> WHAT IS REQUIRED:
Exclude the pictures. Transcribe exactly, and only, the lines from the one holding "Agrohanka - gospodarstwo" to the end of the material below.

> PROVIDED DATA:
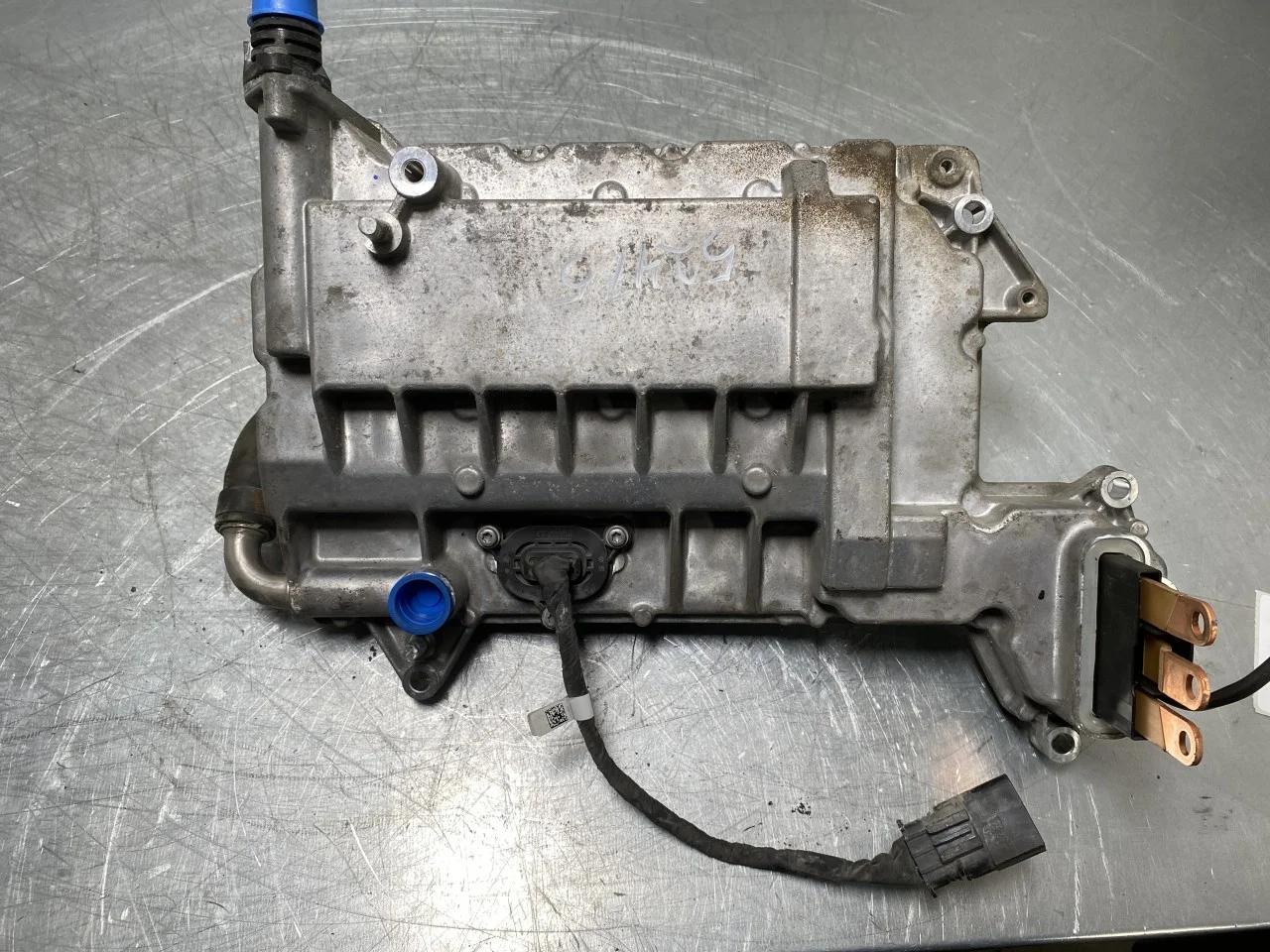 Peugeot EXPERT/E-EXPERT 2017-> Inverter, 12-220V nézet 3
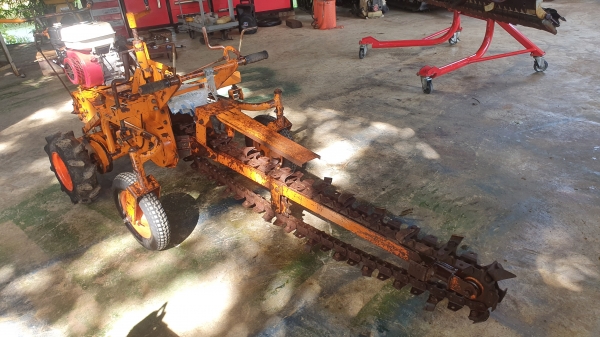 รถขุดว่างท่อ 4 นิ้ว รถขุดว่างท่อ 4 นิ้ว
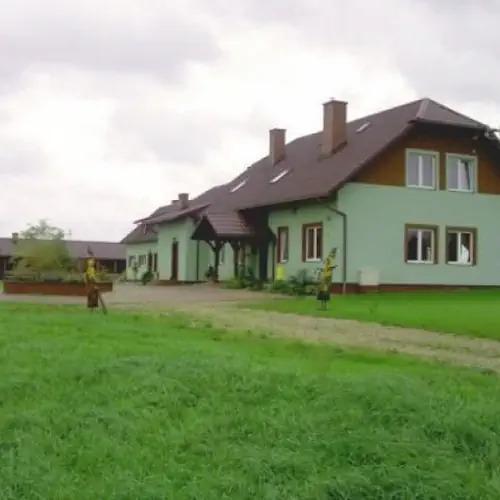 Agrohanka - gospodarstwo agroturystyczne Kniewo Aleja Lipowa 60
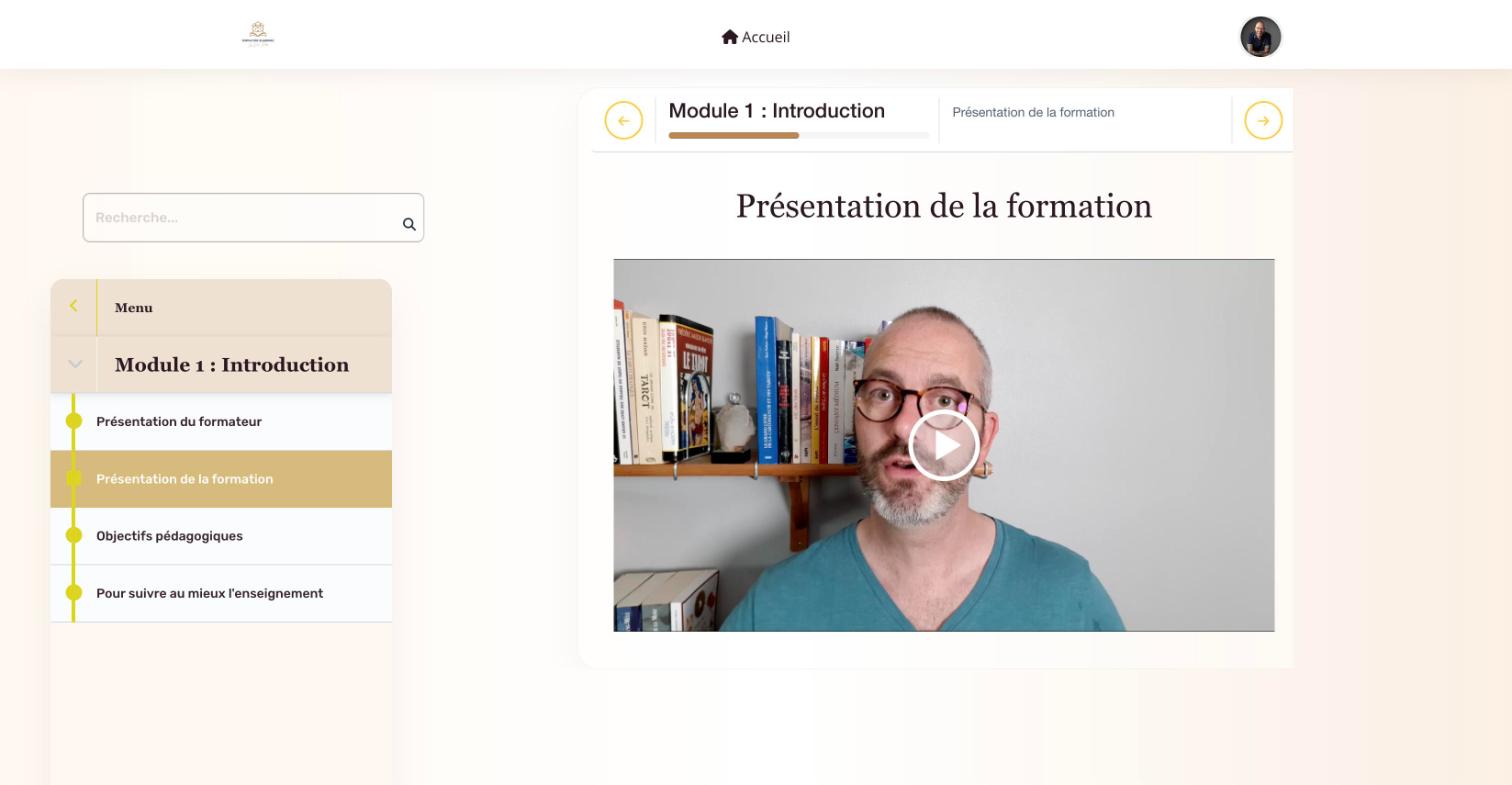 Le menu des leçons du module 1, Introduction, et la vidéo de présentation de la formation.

> YOUR RESPONSE:
 Agrohanka - gospodarstwo agroturystyczne Kniewo Aleja Lipowa 60
 Le menu des leçons du module 1, Introduction, et la vidéo de présentation de la formation.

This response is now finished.